Boston’s Marcus Morris tries to hold on to Cleveland’s LeBron James as he drives to the basket in a crucial stretch in Game 7 of the Eastern Conference Finals won by the Cavaliers. / ap

Boston — LeBron James will get a couple days to catch his breath, then make his annual June journey to Golden State or down to Houston to face a team far better than his.

His eighth straight NBA Finals sets up as one of his most difficult, flanked by a largely unheralded set of teammates who force him to do much more at 33 than most other players are ever asked.

But James keeps showing he can do it, and he can’t wait for his chance to win another ring.

Dare count him out?

“At the end of the day, the game is won in between the lines, and we have an opportunity to play for a championship,” he said after Sunday’s 87-79 Game 7 victory over Boston. “That’s all that matters.”

James dragged an injured and inconsistent Cavaliers team out of the Eastern Conference and back to the NBA Finals, where they will be an underdog against whichever team wins Game 7 in the West on Monday (Tuesday, Philippine time).

But after playing all 48 minutes in his 100th game of the season, punctuating one of the greatest series a player has ever had with 35 points, 15 rebounds and nine assists, he sure looks capable of more.

And the Cavaliers will need every bit of it. They had to play seven games just to get out of the first round, and seven more to finish a climb out of 2-0 deficit against a younger, more athletic Celtics team. They have to be tired, and that’s no way to go into a series against Kevin Durant, Stephen Curry and the Warriors, who blew Cleveland away in five games last year, or James Harden and a Rockets team that can be every bit as potent on one end and lock teams down on the other.

The only way it would appear Cleveland would have a chance would be if James can summon his highest level, the kind that perhaps no other player can reach — and then do it three more times.

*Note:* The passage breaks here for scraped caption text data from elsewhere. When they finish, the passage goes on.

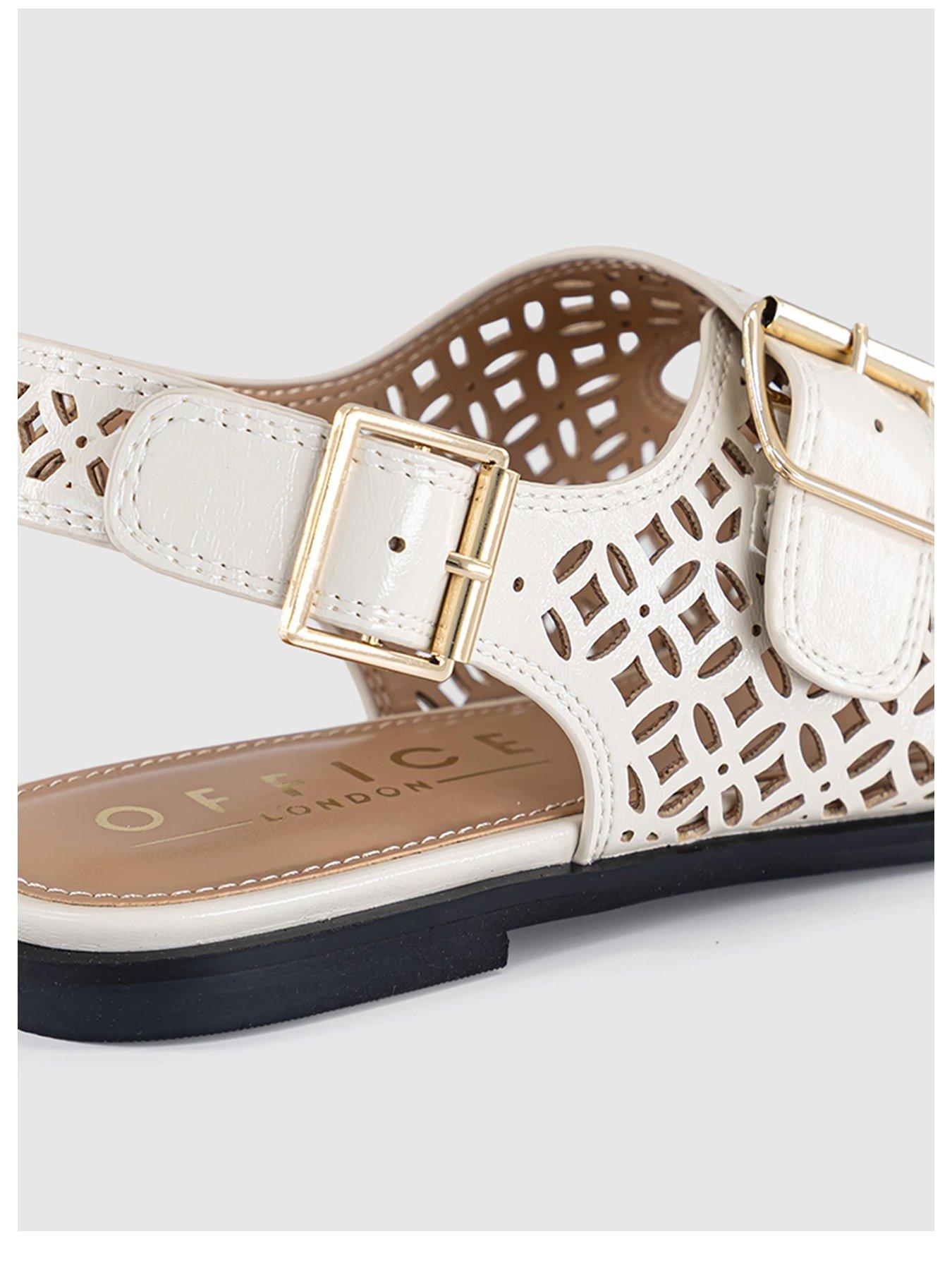 Image 2 of 5 of OFFICE Sienna Laser Cut Buckle Detail Sandal - Cream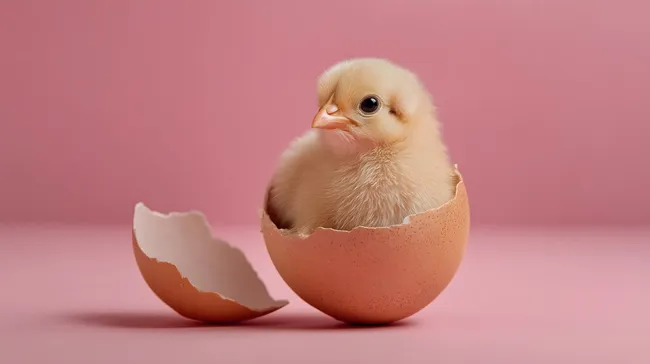 Neugeborenes Küken in Eierschale vor rosa Hintergrund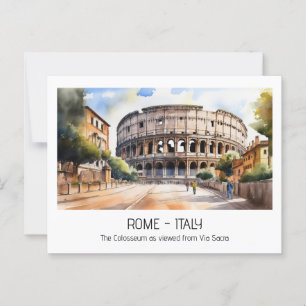 Kolosseum vattenfärg Via Sacra Rom-turisten Vykort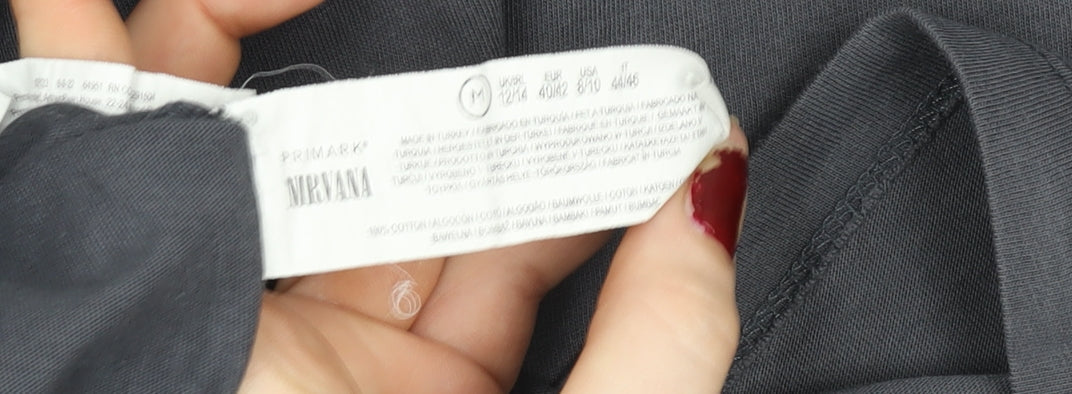 Primark Nirvana Women's Black Graphic Band T-Shirt Size M 12/14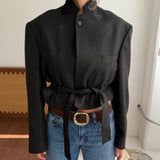 Belted blazer in Dark browns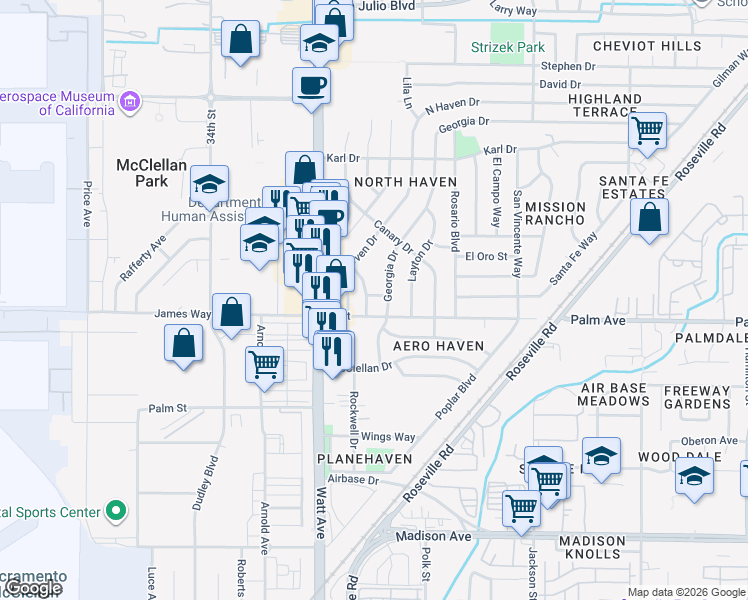 map of restaurants, bars, coffee shops, grocery stores, and more near 3651 A Street in North Highlands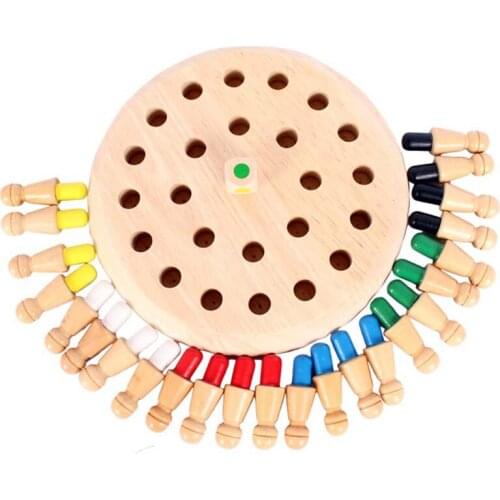 Children Kids Memory Match Stick Chess Wooden Chess Checkers Board Game Family Party Game Puzzle Baby Educational Toys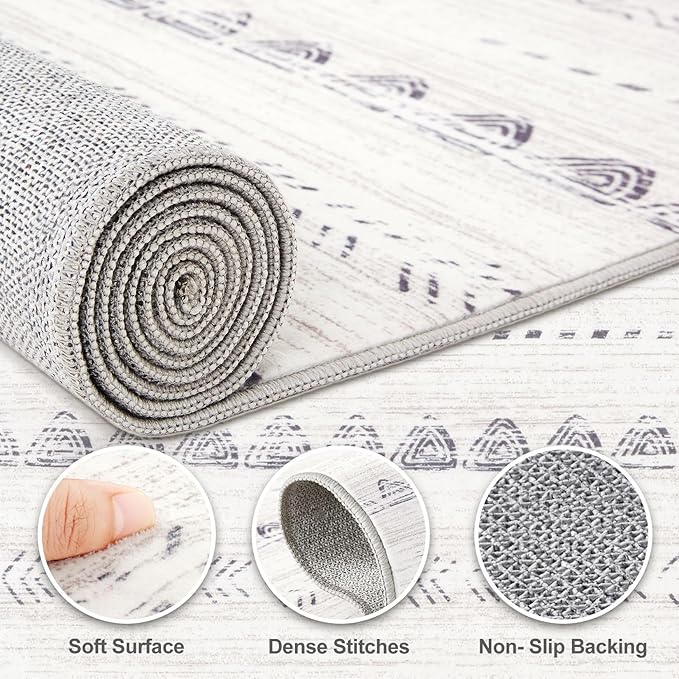 Nakagishi Area Rug Living Room Rugs: 4x6 Soft Machine Washable Boho Neutral Farmhouse Stain Resistant Moroccan Indoor Floor Carpet for Bedroom Nursery Kids Entryway Kitchen Entry Bedside Home- Gray
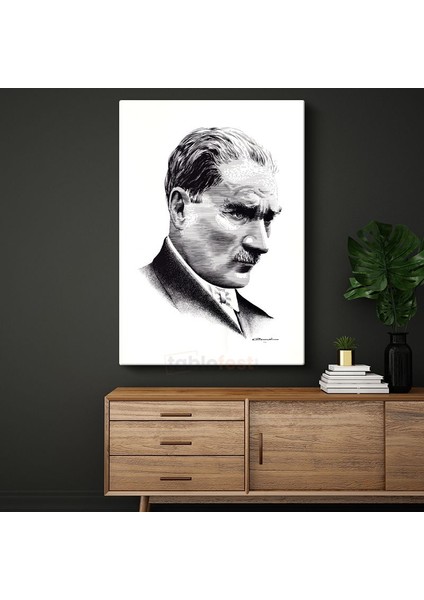 Nokta Çizim Atatürk - Beyaz Fonda Portre Kanvas Tablo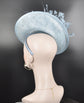Powder Blue Sinamay Fascinator: Feather Flower Kentucky Derby Hat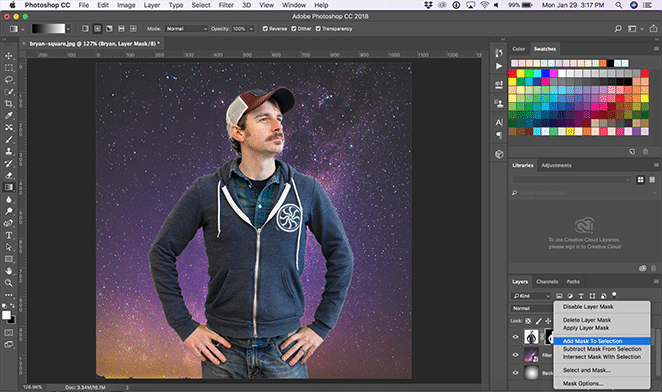 飛輪版面雙曝光教程模板下載 添加蒙版到選區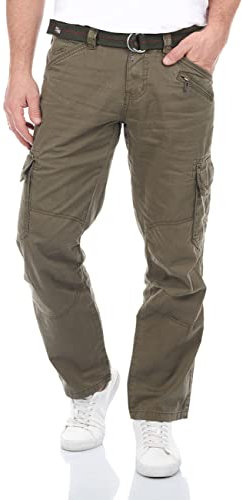 Timezone Cargohose Herren mit Gürtel BenitoTZ Loose Fit Cargo Hose Taschen Baumwolle, Farbe:Khaki (4137), Größe:32W / 32L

The Celtics have seen him do it, after he averaged 33.6 points, 9.0 rebounds and 8.4 assists to eliminate them in the East finals for the second straight year.

“I think we’ve played now until May 25th and May 27th the last two years, and we started on Sept. 25th,” Celtics coach Brad Stevens said. “That’s every day. Every day that you’re totally focused on this, and he’s gone past that eight straight times. It’s ridiculous, and he does it at this level and with the pressure, with the scrutiny. Doesn’t matter. It’s just unbelievable.”

This was the year James’ finals streak looked over. Kyrie Irving had been traded to Boston in the offseason, Isaiah Thomas, Dwyane Wade and Derrick Rose weren’t the answers as his replacement, and Kevin Love missed significant time with injuries.

And even after the Cavaliers remade their team at the February trade deadline, it didn’t look good enough. Cleveland had finished just fourth in the East, never developing the necessary cohesiveness required to be even a mediocre defensive team, let alone a championship-caliber one. They still can surrender open shots everywhere, a flaw that seems fatal against the 3-point happy Rockets or Warriors.